I am training my NER and I see, from time to time, a highlight at the beginning of the sentence, but it is not actually highlighting anything… for instance… I copy pasted from the text of the Web UI below for my CURRENT_EMPLOYER_ORG label I an labelling…

could it be that it is a ‘space’ (\s) that is trying to be considered as a match for my label? in this case, I should reject, right?

" CURRENT_EMPLOYER_ORGInterested in Nordstrom."

Second question:

same thing is happening with highlighting the period at the end of the sentence… I get like 10 in a row w/ the period highlighted (which I reject all)… then finally a few good examples (where most are reject as well… but at least the highlights are for words or phrases… )… then another 10 or so highlighting last character (usually periods… )… SCORES are like .40 for these as well??? Thoughts?

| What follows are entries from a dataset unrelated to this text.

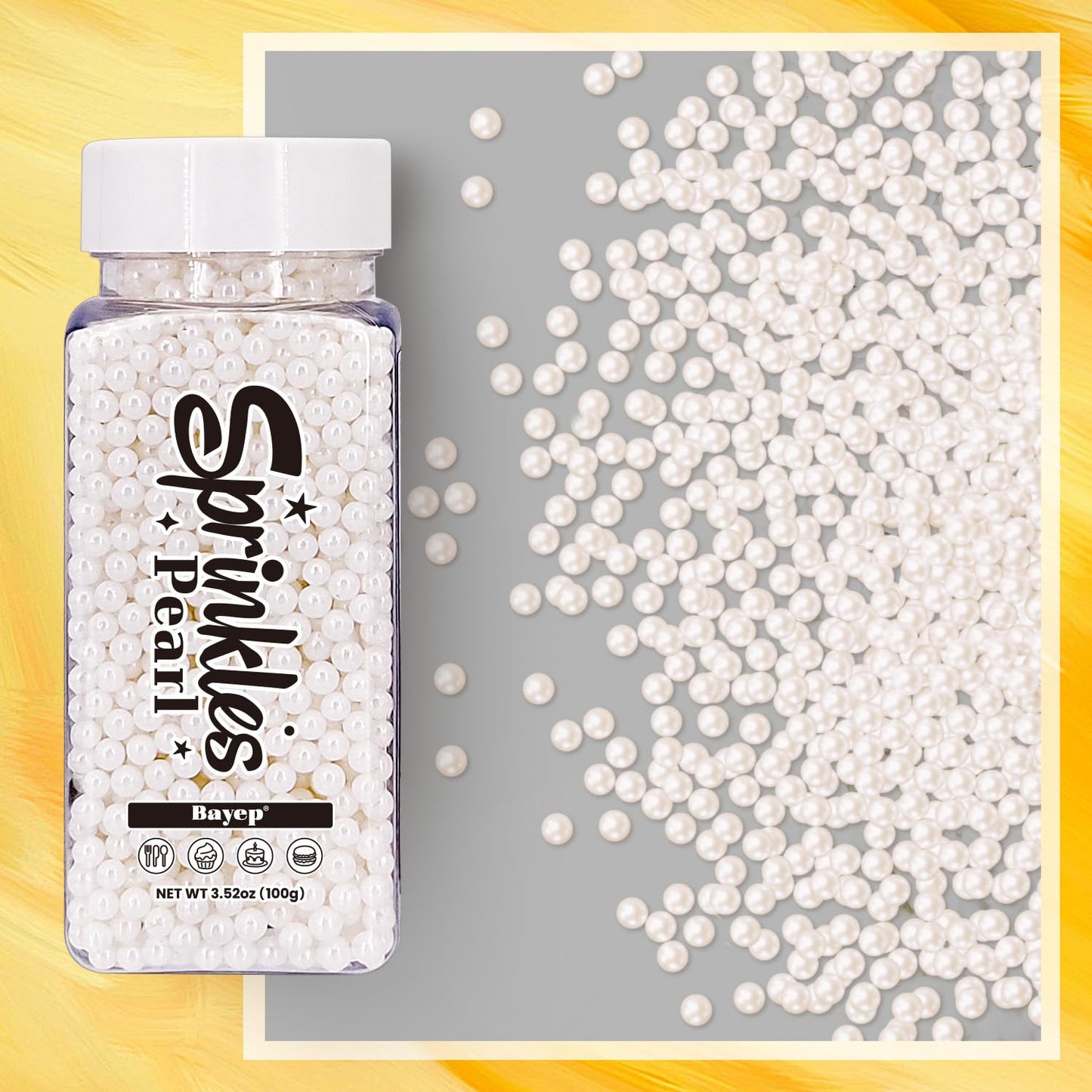 Bayep Edible Pearls For Cake Decorating 4Mm White Sprinkles For Cookies, Baking, Ice Cream, Cupcake Topper Pearl Sprinkles Perfe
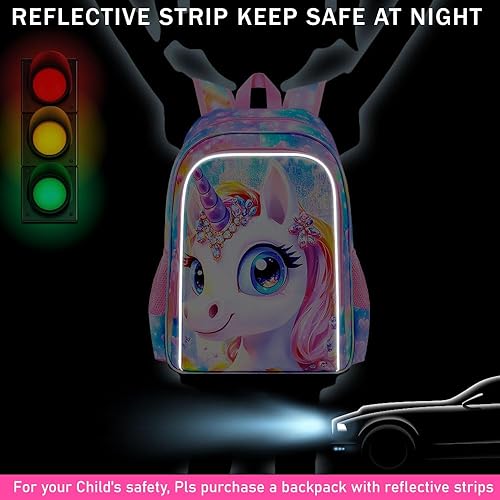 Miniatura 3 de Mochila de 16 pulgadas para niñas, juego de 3 mochilas escolares para primaria preescolar Kindergarten, bolsa para niños con lonchera, Unicornio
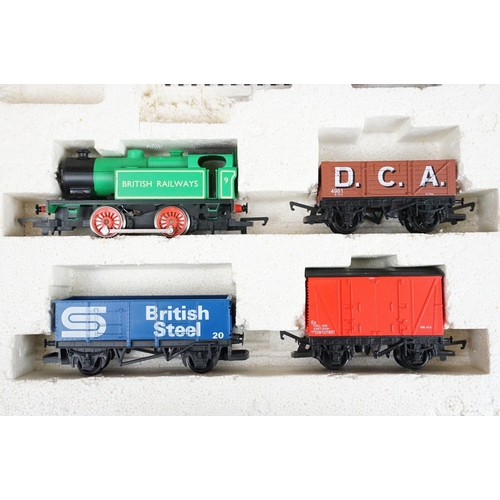 299 - Two boxed Hornby OO gauge electric train sets to include R1101 The Blue Highlander (complete) and R1... 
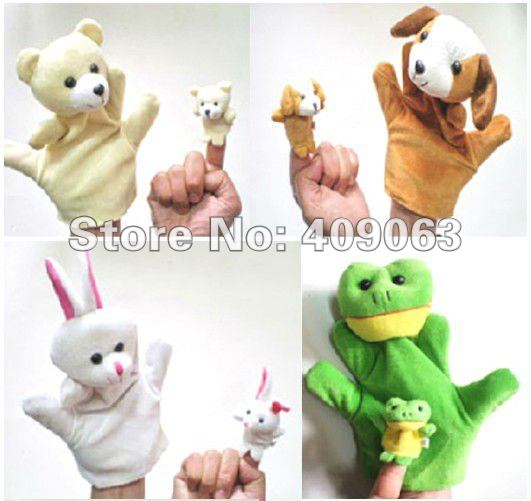 10 set (1 pcs big puppet+1pcs small puppet) cartoon animal plush soft baby finger hand puppet toy doll free shipping 10 set (1 pcs big puppet+1pcs small puppet) cartoon animal plush soft baby finger hand puppet toy doll free shipping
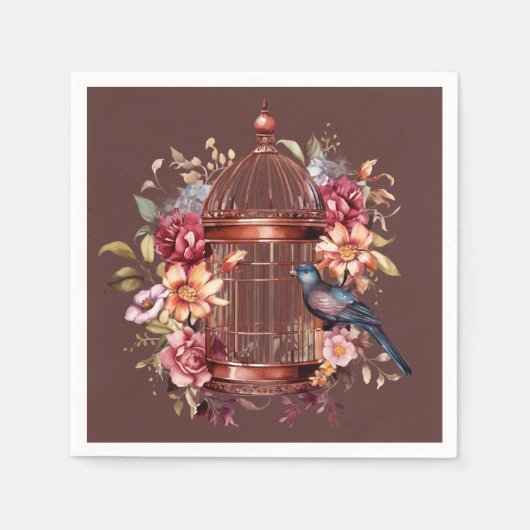 Dark Auburn Brown Blue Birdcage Dusche Serviette (Vorderseite)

Last question… When prodigy is serving up tasks, does it ALWAYS make a predicted NER tag? what if there is really no match? or it is super low confidence (I assume that is a low SCORE on the UI? )… will it just pick the tagged tokens that has the greatest score? albeit, even if it is intolerably low and would be below any threshold we would consider a confident match/prediction?

Thanks for your help

I’ll answer the second question first, since I think it sheds light on the other issue:

Yes, even if the predictions are very low, the model will eventually ask something. The reason is that we can’t be sure the model is well calibrated: it might be predicting scores without much relationship to the truth. In this situation, we don’t want it to get “stuck”. We want to always have a way to get out of the problem and into a better situation.

That’s why the predictions are sometimes strange, including predictions of punctuation, spaces etc. The model doesn’t start off knowing that these things are never entities, so you’ll sometimes get asked about them.